El problema, paradójicamente, es que Cataluña no es tan diferente del resto de España. Es que en ella también la derecha ha estado acomplejada ante la pujanza de los prejuicios seudoprogresistas. A pesar de que con más razón que en cualquier otra parte de España, se veía abocada a tomar la iniciativa y, por decirlo nuevamente con las palabras de Esperanza Aguirre, "librar las batallas ideológicas", escabulléndose del pantanoso debate nacionalista (lo cual no tiene nada que ver con plegarse al nacionalismo ambiente) y yendo a por todas en el debate entre izquierda y derecha, a pesar de ello, ha caído en la misma actitud meramente defensiva, cuando no sumisa, que el Partido Popular de toda España. Ha caído en el error que Hayek consideraba congénito del conservadurismo, el cual comparte (negritas mías)
"todos los prejuicios y errores de su época, si bien de un modo moderado y suave; por eso se enfrenta tan a menudo al auténtico liberal, quien, una y otra vez, ha de mostrar su tajante disconformidad con falacias que tanto los conservadores como los socialistas mantienen. (...) Los conservadores han ido asimilando una tras otra casi todas las ideas socialistas a medida que la propaganda las iba haciendo atractivas. (...) Esclavos de la vía intermedia, sin objetivos propios, los conservadores fueron siempre víctimas de aquella superstición según la cual la verdad tiene que hallarse por fuerza en algún punto intermedio entre dos extremos."

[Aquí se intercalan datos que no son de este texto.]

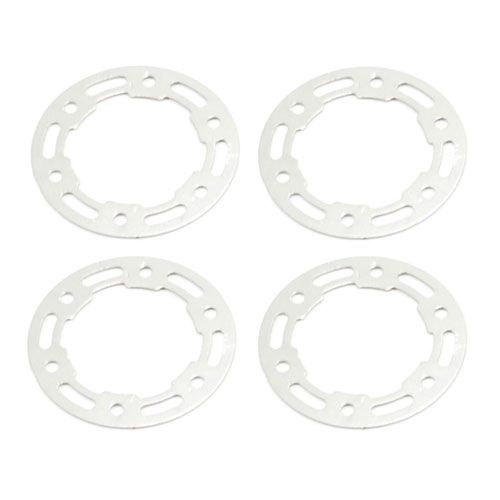 FTX Ibex Aluminum Wheel Beadloc Rings &amp; Screws (4) (FTX7417)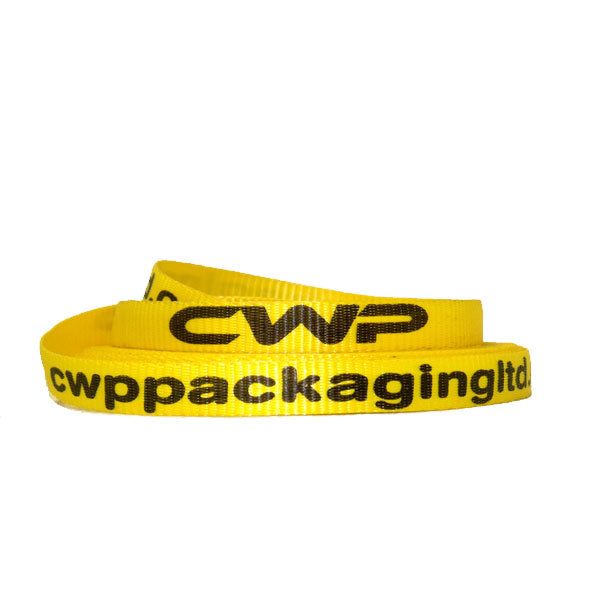 Woven Polyester Cord Strapping Pigmented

¡Quién me negará que más que al conservador (término no siempre unívoco), parece que Hayek estaba definiendo al típico centrista!
Recapitulando. Si en general el centrismo timorato de la derecha le ha puesto las cosas tan fáciles a la izquierda, en el caso de Cataluña, el aventurerismo nacionalista de una parte de la derecha, encarnada en CiU, la ha llevado a una situación mucho más penosa, de verdadera marginalidad. El Partido Popular, por tanto, debería volcarse en acabar con la anomalía catalana, de la forma que acabo de apuntar, no cediendo ante el nacionalismo, pero sin caer en la trampa de desgastarse en esta postura antes de abrir el debate que de verdad importa, que es entre derecha e izquierda, entre liberalismo y estatismo, entre principios morales y relativismo.